Sunday, May 23, 2021

Not Exactly The Perfect eBirder!

This female Bobolink was entered onto eBird and was my first of the year.

I use eBird all the time to find out what species I haven't seen for the year, to see what others have been seeing in my area, and to keep track of my county list (and where I rank).

I wonder what she was doing here as she pulled her head back to her neck that way?
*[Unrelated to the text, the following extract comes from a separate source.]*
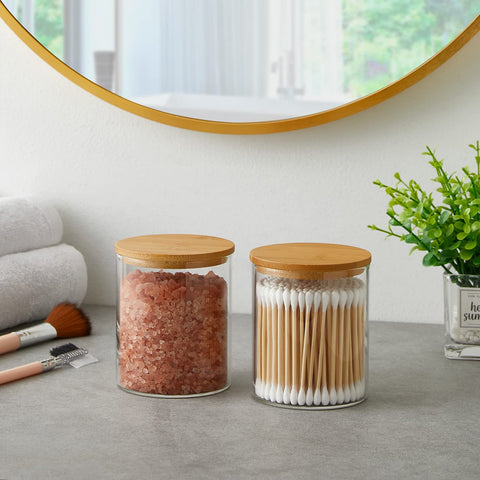INIUNIK essential bathroom accessory for tidy countertop organization.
The thing about eBird is you have all sorts of people entering data. Some just randomly enter a sighting because they feel like it and include very little accompanying information. Others try to get an exact count of every single bird they see and include all sorts of details about each species they see. I imagine these are the same sort of people that take a notebook to the gym to keep a record of each exercise they perform and the number of sets and repetitions. That's something I never found the ambition for.

Eastern Kingbird
I am somewhere in between. I don't have the concentration level to keep track of every single bird  I see so I estimate. I do a tally in my head- something like-I'm pretty sure I saw about 4 cardinals? I am careful not to enter any sightings that I'm not confident about, especially if it is a rare or unusual sighting. 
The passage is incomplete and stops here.